1. Create a point cloud from a scene (either via lidar, or via photogrammetry from multiple images)
2. Replace each point of the point cloud with a fuzzy ellipsoid, that has a bunch of parameters for its position + size + orientation + view-dependent color (via spherical harmonics up to some low order)
3. If you render these ellipsoids using a differentiable renderer, then you can subtract the resulting image from the ground truth (i.e. your original photos), and calculate the partial derivatives of the error with respect to each of the millions of ellipsoid parameters that you fed into the renderer.
4. Now you can run gradient descent using the differentiable renderer, which makes your fuzzy ellipsoids converge to something closely reproducing the ground truth images (from multiple angles).

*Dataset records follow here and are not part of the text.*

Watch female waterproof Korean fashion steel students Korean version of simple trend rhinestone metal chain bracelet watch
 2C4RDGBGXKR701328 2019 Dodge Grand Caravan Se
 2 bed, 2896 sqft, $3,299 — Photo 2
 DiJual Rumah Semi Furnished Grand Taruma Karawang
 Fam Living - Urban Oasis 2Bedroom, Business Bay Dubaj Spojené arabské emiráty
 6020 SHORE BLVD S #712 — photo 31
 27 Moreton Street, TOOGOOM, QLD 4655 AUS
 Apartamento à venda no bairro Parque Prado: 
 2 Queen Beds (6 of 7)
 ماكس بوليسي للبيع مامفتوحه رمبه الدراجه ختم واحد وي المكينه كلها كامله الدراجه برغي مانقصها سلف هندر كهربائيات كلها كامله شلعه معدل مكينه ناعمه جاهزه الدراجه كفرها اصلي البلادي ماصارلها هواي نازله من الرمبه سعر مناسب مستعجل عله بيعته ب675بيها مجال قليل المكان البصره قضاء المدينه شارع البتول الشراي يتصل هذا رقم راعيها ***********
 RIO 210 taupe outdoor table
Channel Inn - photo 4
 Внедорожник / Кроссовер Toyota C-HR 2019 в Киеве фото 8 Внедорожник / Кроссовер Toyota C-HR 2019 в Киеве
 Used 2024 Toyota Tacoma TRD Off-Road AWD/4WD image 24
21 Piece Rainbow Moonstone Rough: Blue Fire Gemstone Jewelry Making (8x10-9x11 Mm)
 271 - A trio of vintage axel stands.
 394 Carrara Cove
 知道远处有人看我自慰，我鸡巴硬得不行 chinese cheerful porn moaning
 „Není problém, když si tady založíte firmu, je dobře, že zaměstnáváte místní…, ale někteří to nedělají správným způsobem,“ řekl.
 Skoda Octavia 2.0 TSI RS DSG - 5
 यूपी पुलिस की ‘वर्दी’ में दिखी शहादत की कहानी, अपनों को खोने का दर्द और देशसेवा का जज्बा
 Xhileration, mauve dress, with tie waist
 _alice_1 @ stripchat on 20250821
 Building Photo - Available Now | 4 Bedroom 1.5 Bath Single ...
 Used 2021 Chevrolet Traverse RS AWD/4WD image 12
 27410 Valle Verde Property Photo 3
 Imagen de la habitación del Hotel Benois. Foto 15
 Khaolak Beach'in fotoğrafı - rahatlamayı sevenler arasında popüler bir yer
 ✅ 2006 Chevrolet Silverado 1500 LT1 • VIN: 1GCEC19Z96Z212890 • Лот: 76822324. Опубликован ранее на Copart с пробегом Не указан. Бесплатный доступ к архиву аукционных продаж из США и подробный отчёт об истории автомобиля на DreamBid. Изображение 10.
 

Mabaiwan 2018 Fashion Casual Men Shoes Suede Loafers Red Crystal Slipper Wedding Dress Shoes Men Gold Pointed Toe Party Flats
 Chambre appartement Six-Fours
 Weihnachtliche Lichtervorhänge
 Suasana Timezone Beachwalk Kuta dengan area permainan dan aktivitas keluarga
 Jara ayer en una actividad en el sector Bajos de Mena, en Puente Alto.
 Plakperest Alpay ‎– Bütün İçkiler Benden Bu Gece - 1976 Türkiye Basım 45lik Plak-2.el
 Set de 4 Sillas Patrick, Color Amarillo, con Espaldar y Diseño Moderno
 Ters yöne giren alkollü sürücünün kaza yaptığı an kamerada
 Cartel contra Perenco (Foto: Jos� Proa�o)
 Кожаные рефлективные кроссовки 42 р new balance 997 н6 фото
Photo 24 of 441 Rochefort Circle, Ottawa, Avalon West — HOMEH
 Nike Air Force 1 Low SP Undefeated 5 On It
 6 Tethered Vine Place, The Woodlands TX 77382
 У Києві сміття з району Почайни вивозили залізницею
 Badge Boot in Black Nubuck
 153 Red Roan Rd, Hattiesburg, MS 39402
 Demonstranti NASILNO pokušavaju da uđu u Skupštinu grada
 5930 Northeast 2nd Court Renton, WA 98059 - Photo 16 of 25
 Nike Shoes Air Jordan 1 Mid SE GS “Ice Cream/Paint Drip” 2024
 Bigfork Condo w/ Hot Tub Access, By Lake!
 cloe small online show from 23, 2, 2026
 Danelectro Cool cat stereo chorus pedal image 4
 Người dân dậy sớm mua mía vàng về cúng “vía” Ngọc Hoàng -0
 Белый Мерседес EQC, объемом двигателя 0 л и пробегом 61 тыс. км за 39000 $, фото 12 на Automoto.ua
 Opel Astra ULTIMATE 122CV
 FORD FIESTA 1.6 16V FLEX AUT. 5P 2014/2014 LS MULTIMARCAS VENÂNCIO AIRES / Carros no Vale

5. Since the ellipsoids started at the 3D point cloud's positions, the 3D structure of the scene will likely be preserved during gradient descent, thus the resulting scene will support novel camera angles with plausible-looking results.
Thanks.
How hard is it to handle cases where the starting positions of ellipsoids in 3D is not correct (being too off). How common is such a scenario with the state of the art? E.g., if having only a stereoscopic image pair, the correspondences are often not accurate.
Thanks.
Thanks for the explanation!
Great explanation/simplification. Top quality contribution.
Or: Matrix bullet time with more viewpoints and less quality.
You... you must have been quite some 5 year old.